The organisers released a statement late on Monday: “The Six Nations met today in Paris to address the current situation regarding the Covid-19 Virus.
“Six Nations and its six unions and federations are following the situation very closely with their respective governments and relevant health authorities and will strictly follow any directive given that would impact sporting events.
“As it stands today, based on the latest information, all Six Nations matches currently scheduled are set to go ahead.
“Six Nations is in contact with FIR and RFU regarding the possibility of relocating the Women’s and U20 Italy vs England matches to another Italian location and we will make a further announcement on this in due course.
“However, the Italy vs England Senior Men’s match in Rome is planned to go ahead as scheduled.
“Six Nations intends to complete all 15 games across all three championships when time allows.
“We will refrain from making any rescheduling announcements for the time being while we keep assessing the situation.”
In France a number of race meetings were ordered to go ahead “behind closed doors” to minimise the risk of spreading infection.
In Italy last weekend’s Serie A football matches were also played behind “closed doors”.
Formula One’s Chinese Grand Prix, on 19 April, has already been cancelled.
Bookmakers Paddy Power is taking bets that this year’s Olympic Games in Tokyo opening ceremony scheduled for 24 July will be postponed, cancelled or moved.
Bets are also being placed that next week’s first day of the Cheltenham Festival will not go ahead as planned.
This is despite the fact that Cheltenham and the British Horseracing Authority said it saw no reason to “develop a policy regarding abandonment of any specific fixtures due to coronavirus at this time”.
In 2001 the then three-day festival did not go ahead because of the nationwide foot and mouth crisis, at a £100m cost to the betting industry and a £10m hit to local tourism.

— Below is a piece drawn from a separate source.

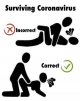 Surviving coronavirus.jpg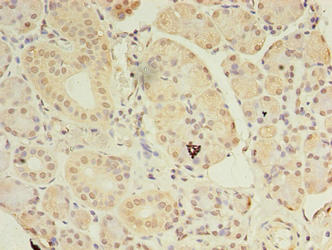 ASB8 Antibody - Immunohistochemistry of paraffin-embedded human pancreatic tissue using ASB8 Antibody at dilution of 1:100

The bible of the horseracing industry, The Racing Post, says Cheltenham brings bookmakers £450-£500 million in turnover and around £50 million in profit.

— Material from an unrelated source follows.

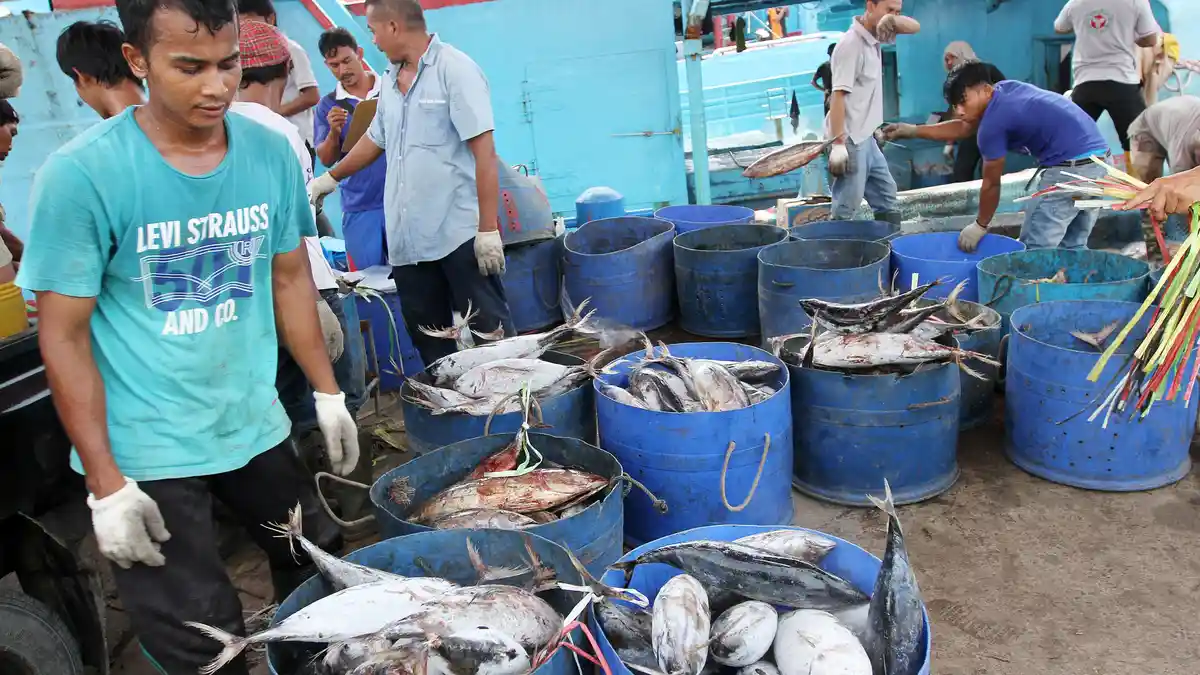 KKP dan DPR Ajak Masyarakat Wonogiri Manfaatkan Protein Ikan untuk Cegah Stunting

There is an option that the races go ahead “behind closed doors” or defer races to a later date, possibly next month.
WHAT TO LOOK OUT FOR
The most common sign that a person may be infected with coronavirus is breathing problems.
Coronaviruses are respiratory diseases and spread when an infected patient coughs or sneezes, spraying small liquid droplets from their nose or mouth.
It attacks two specific sets of cells in the lungs, a goblet cell and a ciliated cell.
The goblet cell produces mucus on the respiratory tract, to keep lungs moist.
Ciliated cells have hairs on them that wave in an upward direction to trap bacteria viruses, or particles of dust, in the mucus sweeping them up to the throat.
Scientists and clinicians say COVID-19 appears to single those cells out for infection similar to Severe Acute Respiratory System (SARS) in 2002-2003.
SARS also originated in China, killing 774 people – significantly fewer than the almost 3,000 killed to date by COVID-19.
Tissue falls into the lungs, causing blockages and, potentially, pneumonia. Meanwhile, the immune system goes into overdrive damaging healthy tissue and making breathing even more difficult.
Other organs, such as the kidneys, can also be damaged.